Only one span of the listing below is wanted: the lines from the one with "Lata de alumínio" through the one with "3 bracelets and a necklace.", reproduced exactly, both ends kept.

#### [Exercise data]
=-=-=-=-=
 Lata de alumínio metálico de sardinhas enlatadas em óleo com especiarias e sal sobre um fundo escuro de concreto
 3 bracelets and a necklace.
=-=-=-=-=
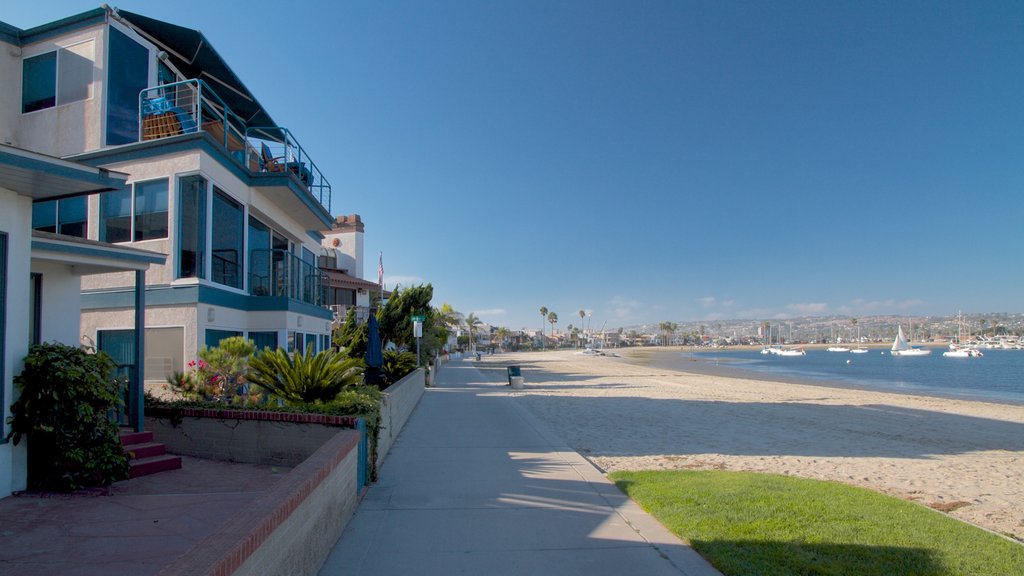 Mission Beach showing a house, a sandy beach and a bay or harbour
=-=-=-=-=
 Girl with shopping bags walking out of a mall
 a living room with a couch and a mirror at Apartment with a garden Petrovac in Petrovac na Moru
=-=-=-=-=
#### [Exercise response]
 Lata de alumínio metálico de sardinhas enlatadas em óleo com especiarias e sal sobre um fundo escuro de concreto
 3 bracelets and a necklace.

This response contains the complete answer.